- Born: 10 July 1936 Phra Nakhon, Siam
- Died: 13 September 2021 (aged 85) Chiang Mai, Thailand
- Occupation: Writer
- Writing career
- Language: Thai
- Notable awards: 2012 National Artist (Literature)

= Thommayanti =

Thai writer (1936–2021)

Thommayanti (ทมยันตี) was the pen name of Thailand National Artist Khun Ying Wimon Chiamcharoen (วิมล เจียมเจริญ; 10 July 1936 – 13 September 2021), née Wimon Siriphaibun (วิมล ศิริไพบูลย์, also Wimol Siripaiboon). She was a Thai novelist and was a legislator several times in her career.

==Bibliography==
Among Thommayanti's works is the historical fantasy romance novel, Thawiphop (ทวิภพ), about a woman who time travels from the 20th century to Rama V-era Siam. The story was first adapted as a film by Cherd Songsri in 1990, and has since been adapted as a stage play, a musical, a television series, and a 2004 film (Siam Renaissance).

Another famous work is Khu Kam (คู่กรรม), a romance between a Thai woman and a Japanese soldier during World War II in Thailand.

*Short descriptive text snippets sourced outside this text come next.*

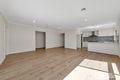 Property photo of 26 Cable Circuit Craigieburn VIC 3064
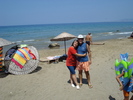 DSC00268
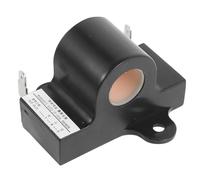 Toyvian Inductive Throttle Sensor for Golf Cart Accelerator Position Replacement with Metal and Plastic Material, Easy Installation for Performance Enhancement in Golf Cart Accessories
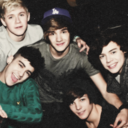 stilesmccallscottstlinski avatar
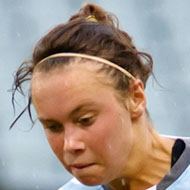 Caitlin Foord, 30 (Giocatore di calcio)
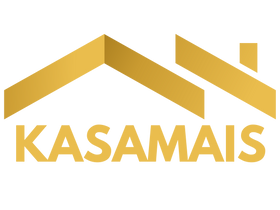 KASAMAIS header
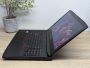 Ноутбук Б/В Acer Predator G9-793, Intel Core i7-6700HQ, DDR4 32 GB, SSD 128GB + HDD 1TB, NVIDIA GeForce GTX 1070 8Gb, 17.3"
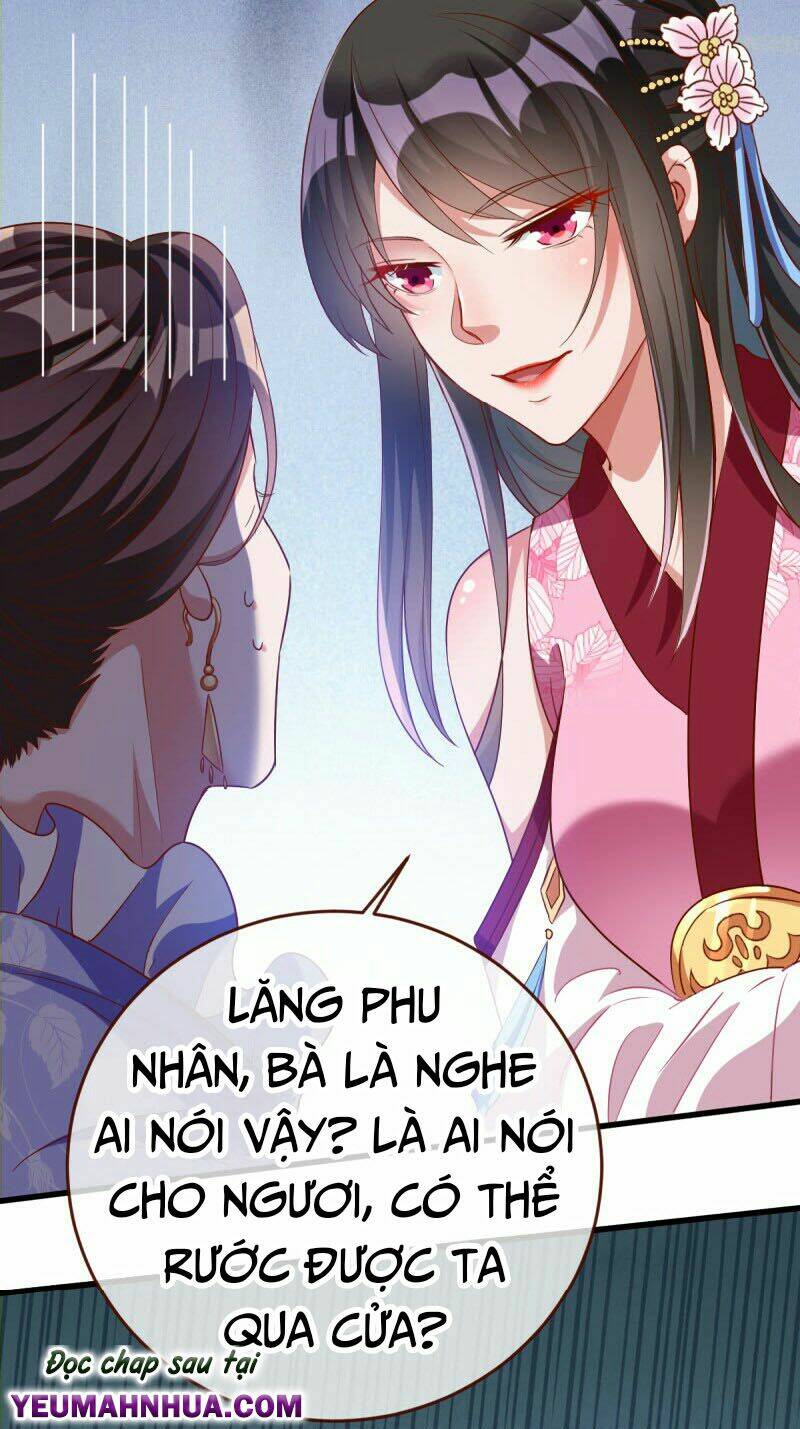 Chương 151 - Trang 19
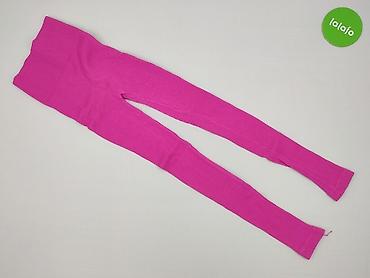 sondico termo: Legginsy Sportowe damskie, rozmiar S — 2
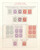 Kavel 1219 (278)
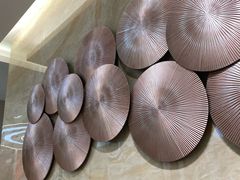 -佛山中大口腔医院·市二级口腔专科医院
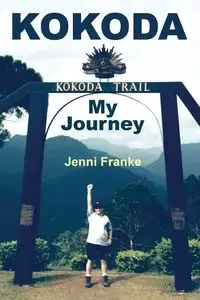 Kokoda - Jenni Franke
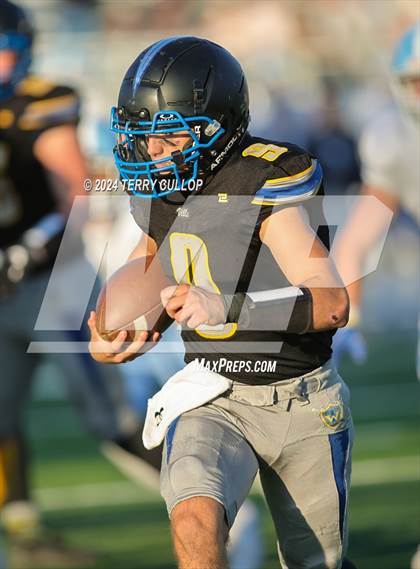 Thumbnail 3 in Layton @ Taylorsville photogallery.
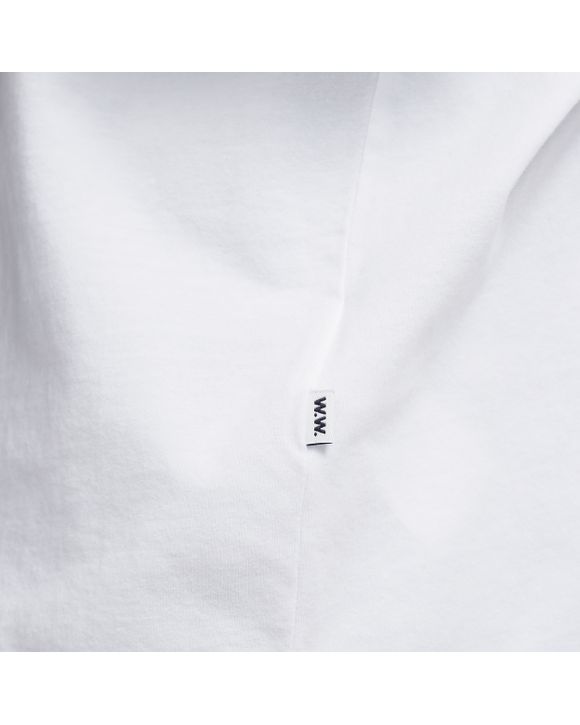 Info Tee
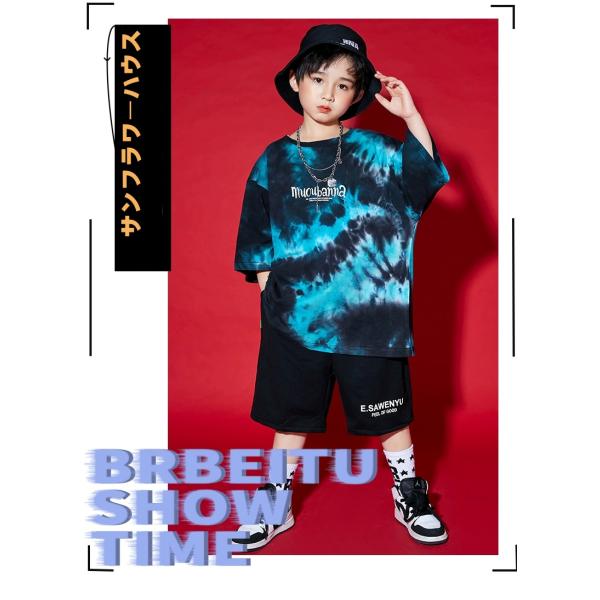 ※画像確認※商品内容:トップスのみ素材:ポリエステル、その他サイズ:(着丈cm、胸囲cm) ※目安として参考にご検討ください130サイズ:53cm.48cm (※ロゴが2タイプ 画像参考)140サイズ:55cm.50cm150サイズ:58c...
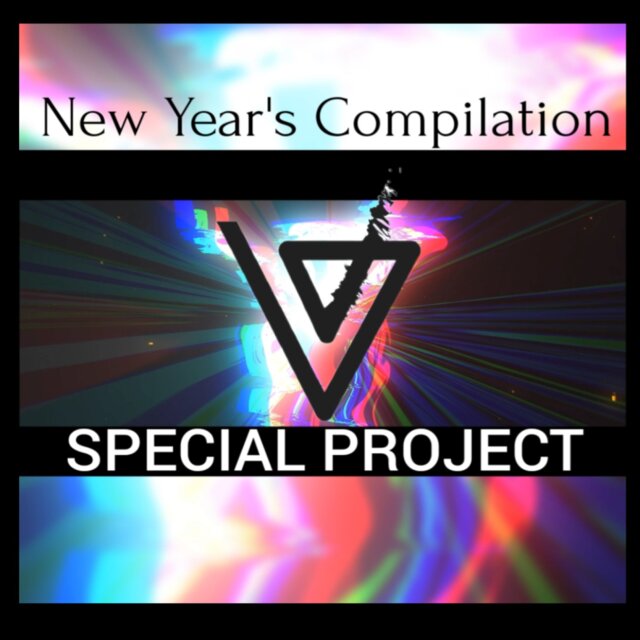 New Year's Compilation
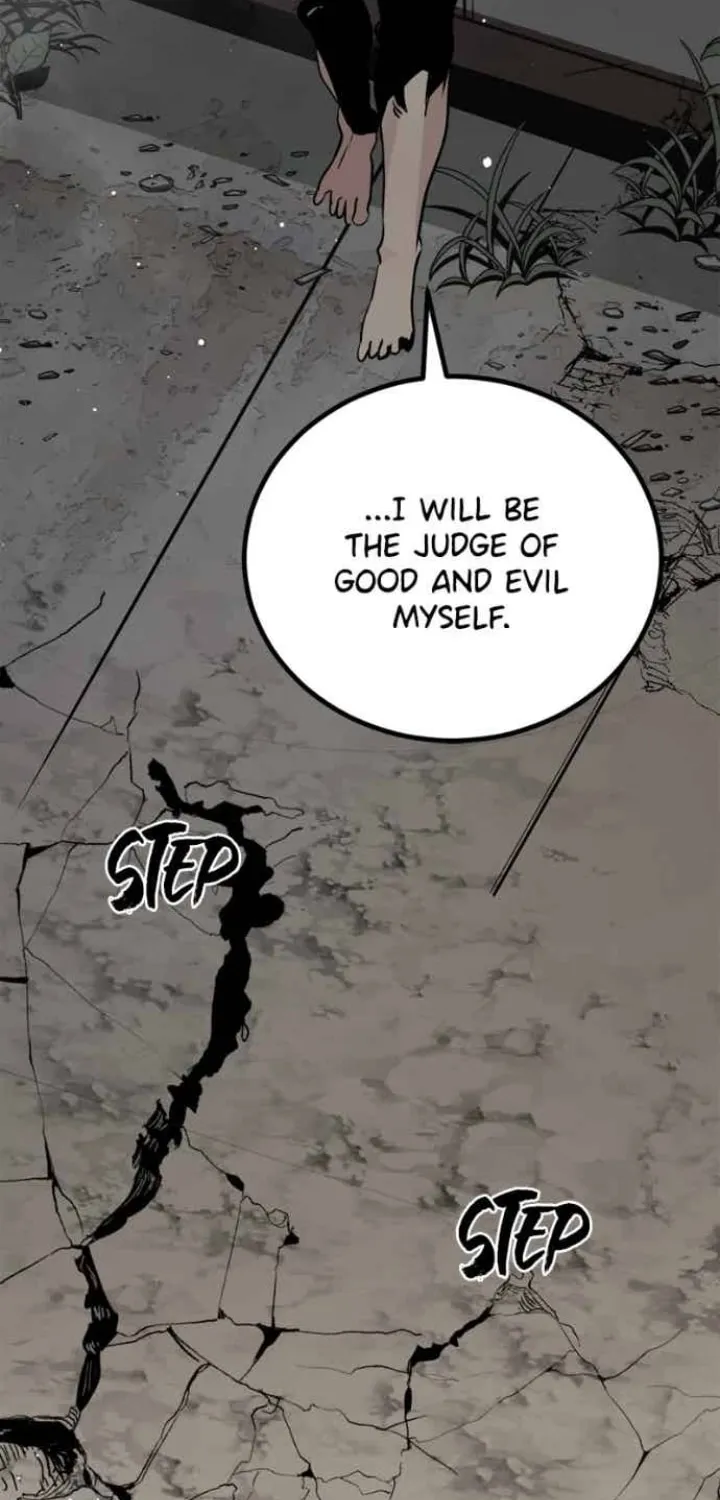 Hero Killer Chapter 232 page 94 - 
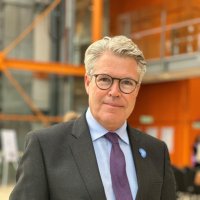 Steve Allen (@steve_d_allen) 's Twitter Profile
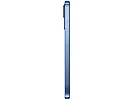 Smartfon HOTWAV Note 13 4/128GB Niebieski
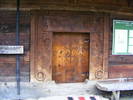 DSCF7689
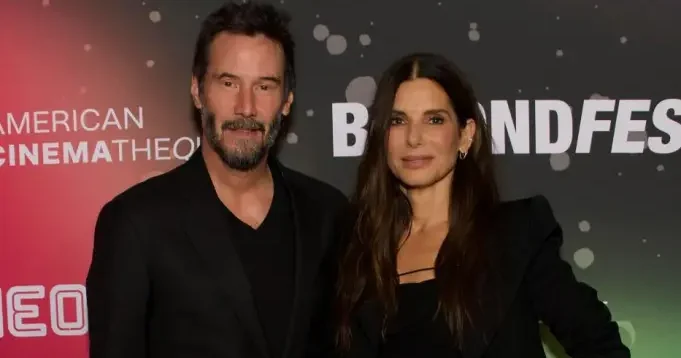 İki məşhur eyni filmdə baş rola çəkiləcək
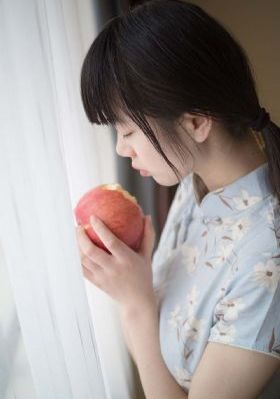 最新传奇手游新一区_1080P免费在线播放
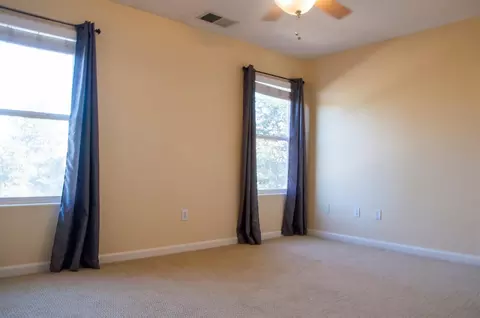 3081 Holland Ave, Clovis, CA 93619 photo 36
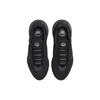 Nike Air Max Pulse черные антрацитовые женские кроссовки Particle-Grey FD6409-003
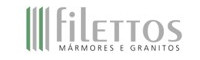 Filettos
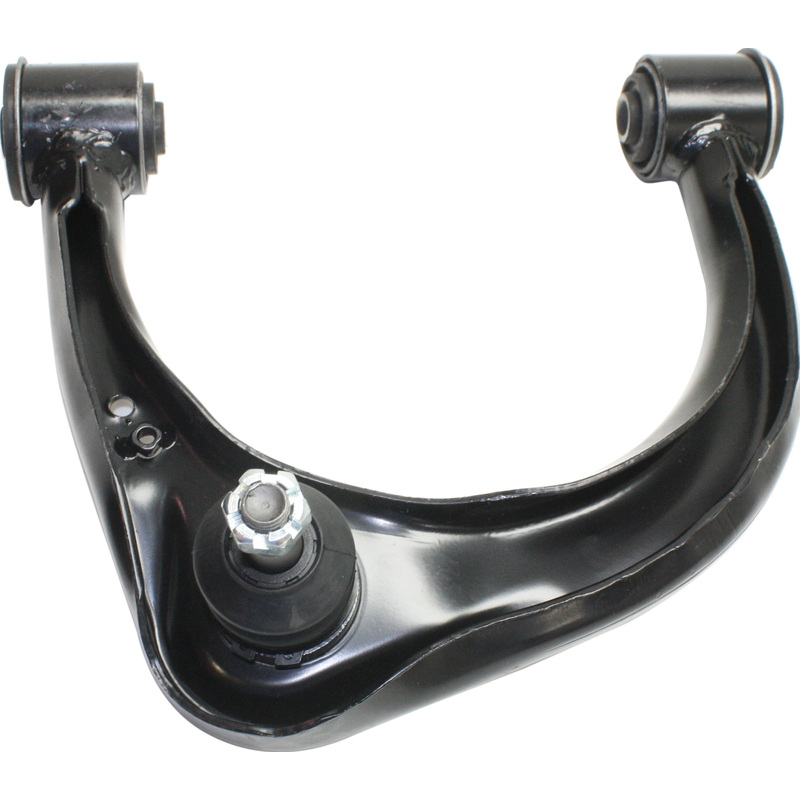 Control Arm 4863060040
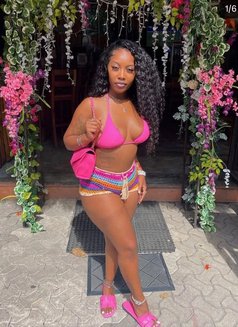 Melissa From Sakinaka - puta in Mumbai Photo 8 of 15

It has been adapted into four films, Sunset at Chaophraya (in 1973, 1988, 1996 and 2013), a stage musical, and a television series. Other works are the romantic love story Dang Duang Haruethai (ดั่งดวงหฤทัย) and the socially conscious tales Sapan Dao (สะพานดาว).

==Political controversies==
Apart from her writing ability, she was a noted orator. On several occasions Wimon gave public speeches in favour of the military. During the coup d'état in the 6 October 1976 Massacre, Wimon played important role in the "housewife society", a group of wives of military generals. She also made public speeches against the students who agitated for democratic reform, saying that the students were destroying Thailand's good relationship with the United States. In that event, students were mass murdered and Wimon was appointed by the junta that took control of the country as a legislator and member of the National Reform Council. Later in 1979, Wimon was elected as a senator.

In 1986, the Supreme Court of Justice found Wimon, while serving as a senator, guilty of having committed adultery with Group Captain Akhom Atthawetworawut (นาวาอากาศเอก อาคม อรรถเวทย์วรวุฒิ), an officer who was also a senator, after Police Major Siwit Chiamcharoen (พันตำรวจตรี ศรีวิทย์ เจียมเจริญ), her husband, filed divorce proceedings and a claim for compensation. After the Supreme Court's judgment, the Senate resolved to dismiss Wimon from senatorial office.

In spite of the Supreme Court's conviction, King Bhumibol Adulyadej awarded Wimon the honorific titles Khun Ying in 2005.

==Awards==
In 2012, the Ministry of Culture, through its Department of Cultural Promotion, honoured Khun Ying Wimon with the highest honour bestowed upon Thai artist by naming her "National Artist" (Literature) (ศิลปินแห่งชาติ).

==Death==
She died on 13 September 2021 when she was 85 years old at her private house, Lanna Devalai in Chiang Mai Province.